Sentite l'autorevolezza, la limpidezza: "Questo è il mio comandamento: che vi amiate gli uni gli altri come io ho amato voi". Che siamo riconosciuti suoi discepoli dal fatto che ci si vuol bene, dalla tenerezza. E ha anche aggiunto: "Io non vi chiamo più servi". Ne consegue che "amarci come lui ci ha amati" vuol dire allontanare dai nostri rapporti quotidiani qualsiasi sensazione di dominio, qualsiasi atteggiamento servile, l'ombra del non detto. Gesù afferma: "Tutto ciò che ho udito da Padre mio l'ho fatto conoscere a voi".

E quindi non uno che sa e l'altro che è tenuto allo scuro, vivere la trasparenza dei rapporti, come l'ha vissuta Gesù con il Padre e con noi. Ritorno alla domanda: come mai questa, che è la vena più preziosa dell'evangelo, se stiamo alle parole di Gesù, si è come stemperata nel tempo e da comunità siamo diventati troppo spesso istituzione, perdendo il calore degli affetti, la vibrazione dei sentimenti, quasi che diventare anaffettivi fosse una conquista, una virtù, e non una perdita in vangelo?

Qualche anno fa sulla rivista Jesus, Enzo Bianchi, fondatore della comunità monastica di Bose, scriveva: "Anaffettività" come incapacità di entrare nella sensibilità dell'altro e degli altri: questa secondo me è la più estesa e profonda patologia che oggi ammorba il corpo ecclesiale. È vero che questa anaffettività è un male presente in tutta la società, perché in essa da qualche decennio si è insinuata l'indifferenza che domina e pervade tutti gli spazi della vita sociale.

Ma nella chiesa l'anaffettività è patita maggiormente, forse perché i cristiani, nella loro dimenticanza. non avvertono che il loro vissuto contraddice fortemente il comandamento nuovo, ultimo e definitivo, prima del quale e dopo il quale non ve ne sono altri: il comandamento dell'amore reciproco (cf.
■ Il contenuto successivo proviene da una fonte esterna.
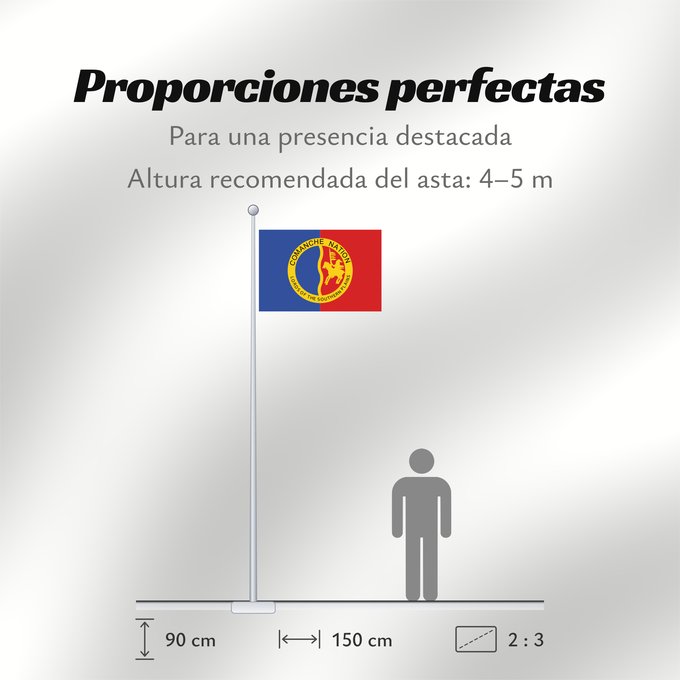 Proporciones de la bandera: Comanche Nation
Gv 13,34; 15,12), amore che nelle prime comunità cristiane si esprimeva addirittura con un bacio sulla bocca al termine delle assemblee eucaristiche (cf. Rm 16,16; 1Cor 16,20, ecc.)".

Ebbene dobbiamo essere grati alle letture che oggi abbiamo ascoltato che ci hanno messo in guardia da una patologia che ammorba l'aria che respiriamo, ma, insieme, ci hanno aperto spiragli, fessure, su parole e gesti che conducono a vivere rapporti dove negli occhi dell'altro dell'altra leggi il bene che ti si vuole, leggi la conferma che veramente tu non sei un estraneo, leggi che realmente tu dimori in qualcuno. Una affettività che, contrariamente a quanto può pensare qualcuno, non è scusa per rintanarsi, ma è spinta ad andare e a portare frutto.

E' scritto: "Vi ho costituiti perché andiate e portiate frutto".